Problem description: Please give back every entry in full, word for word, but none of the pictures.

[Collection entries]

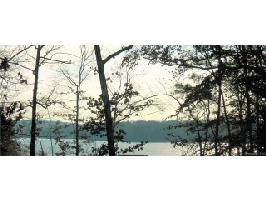 Lot 61 232, Lot 61 Water Oak Way 
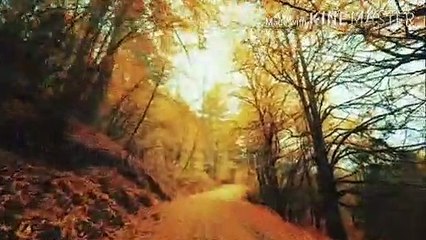Rab-e-conain mery dil ki sadayien sun le (beautiful Hamd). Pori hamd suniye ga emaan taza ho Jaye ga. Or plz share bhi kijiye ga.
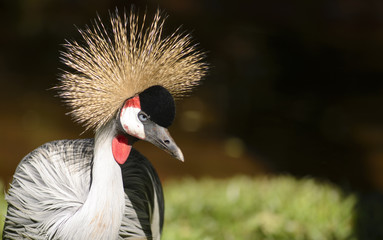 Close-up Portrait of a Grey Crowned Crane 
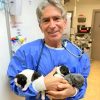 Dr. K with bulldog puppies just born by c-section
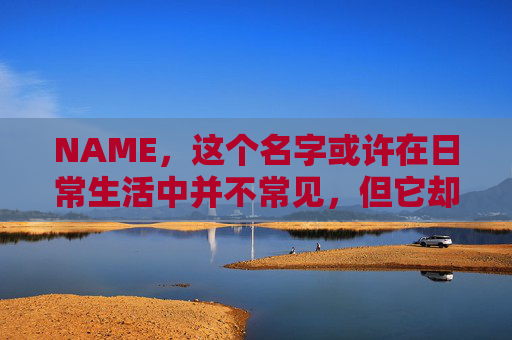 NAME，这个名字或许在日常生活中并不常见，但它却在某些领域里扮演着重要的角色。今天，让我们一起来探索这个名字背后的故事和意义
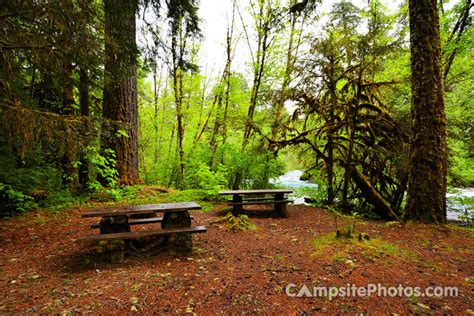 Mckenzie Bridge Campsite Photos Camping Info And Reservations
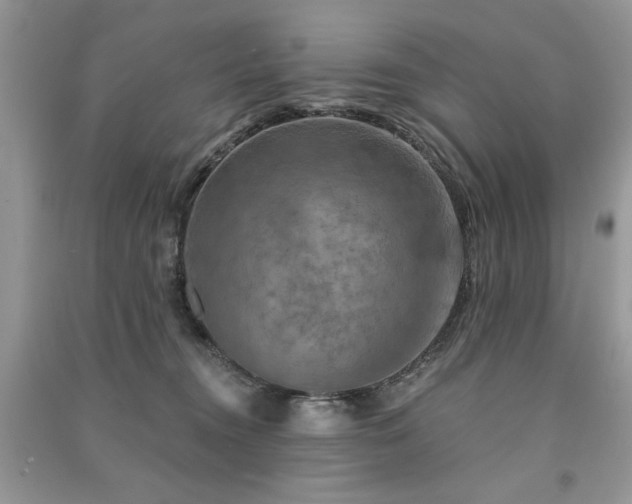 X0000091290372200708101251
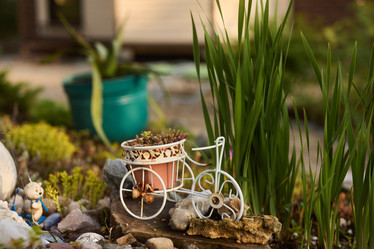 Similar image 22024884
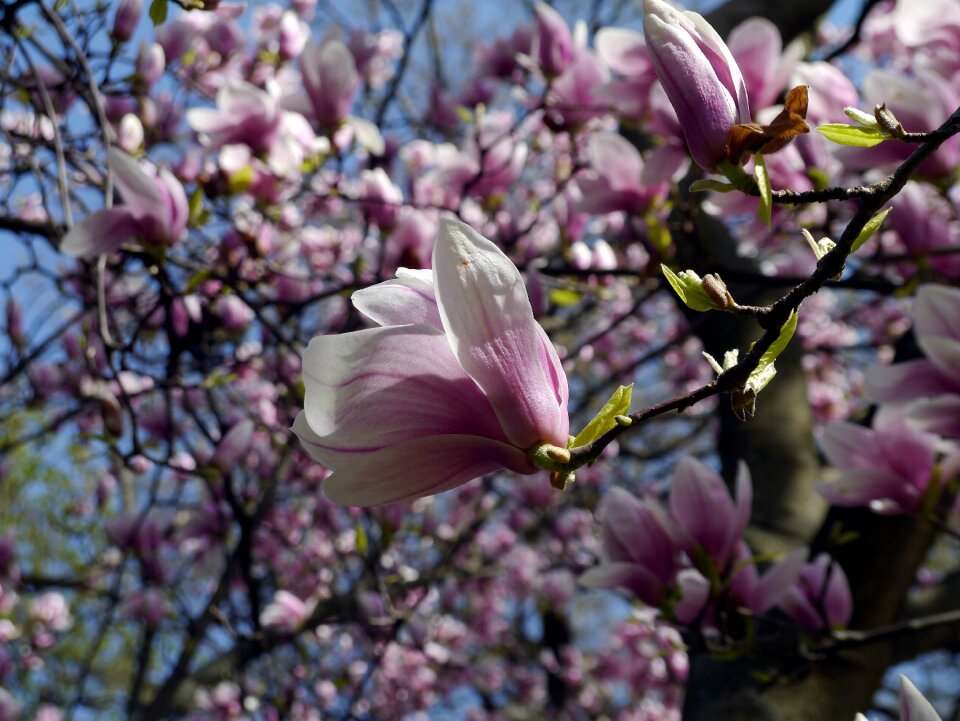 Spring bloom margaret island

Result for this exercise:
 Lot 61 232, Lot 61 Water Oak Way 
Rab-e-conain mery dil ki sadayien sun le (beautiful Hamd). Pori hamd suniye ga emaan taza ho Jaye ga. Or plz share bhi kijiye ga.
 Close-up Portrait of a Grey Crowned Crane 
 Dr. K with bulldog puppies just born by c-section
 NAME，这个名字或许在日常生活中并不常见，但它却在某些领域里扮演着重要的角色。今天，让我们一起来探索这个名字背后的故事和意义
 Mckenzie Bridge Campsite Photos Camping Info And Reservations
 X0000091290372200708101251
 Similar image 22024884
 Spring bloom margaret island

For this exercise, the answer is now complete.